## Exercise objective:
In duplicating the lines below, keep every word unchanged and drop the pictures.

## Given entries:

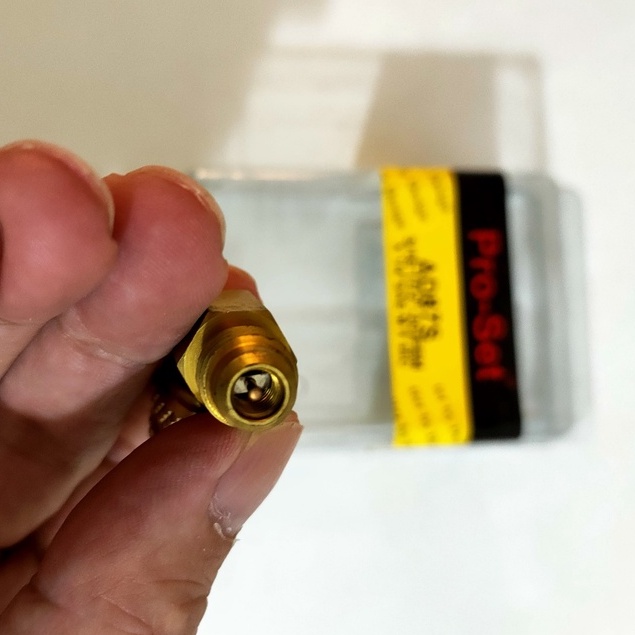 Combo 3 Đầu nạp ga bẻ 120 độ R22 - R410 CPS USA AD87S - Hàng tốt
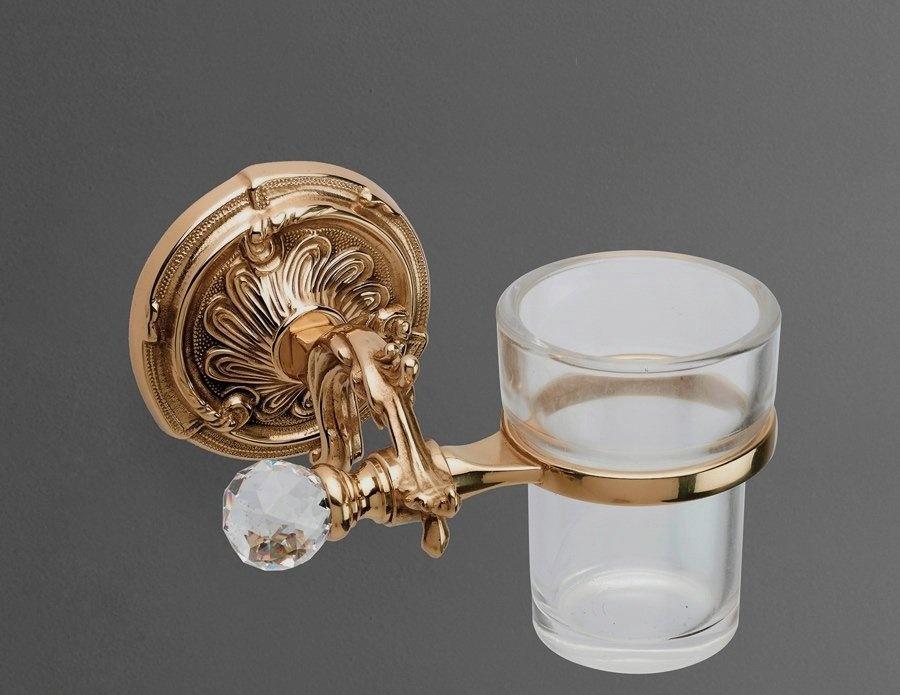 Art&Max Barocco Crystal, Стакан, AM-1787-Br-C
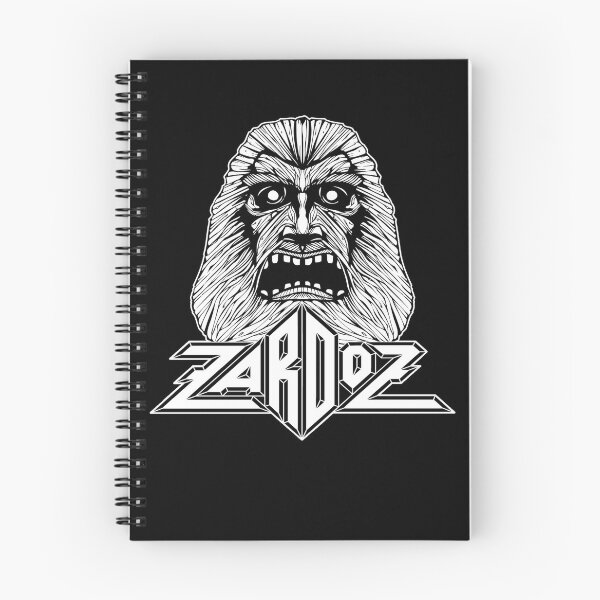 Item preview, Zardoz Head (For Dark Shirts) designed and sold by Lost In Shirts.
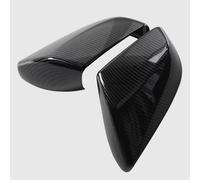 Coque Retro Compatible Avec Cadillac Pour ATS 2013 2014 2015 2016 2017 2018 Couvercle De Rétroviseur Latéral Voiture Pour Accessoires De Boîtier Extérieur De Capuchon D'aile(Carbon Look)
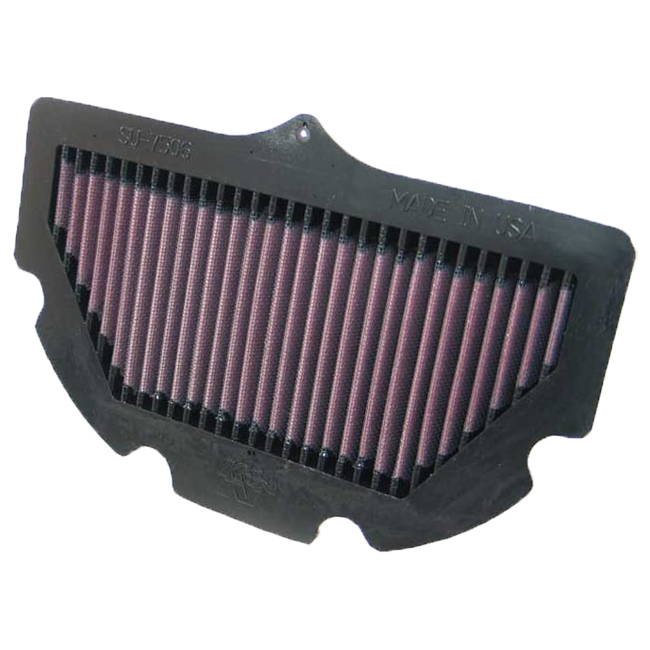 Filtro de aire de reemplazo K&N para Suzuki GSX-R 600/750 (06-10) SU-7506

## Completed exercise:
 Combo 3 Đầu nạp ga bẻ 120 độ R22 - R410 CPS USA AD87S - Hàng tốt
 Art&Max Barocco Crystal, Стакан, AM-1787-Br-C
 Item preview, Zardoz Head (For Dark Shirts) designed and sold by Lost In Shirts.
 Coque Retro Compatible Avec Cadillac Pour ATS 2013 2014 2015 2016 2017 2018 Couvercle De Rétroviseur Latéral Voiture Pour Accessoires De Boîtier Extérieur De Capuchon D'aile(Carbon Look)
 Filtro de aire de reemplazo K&N para Suzuki GSX-R 600/750 (06-10) SU-7506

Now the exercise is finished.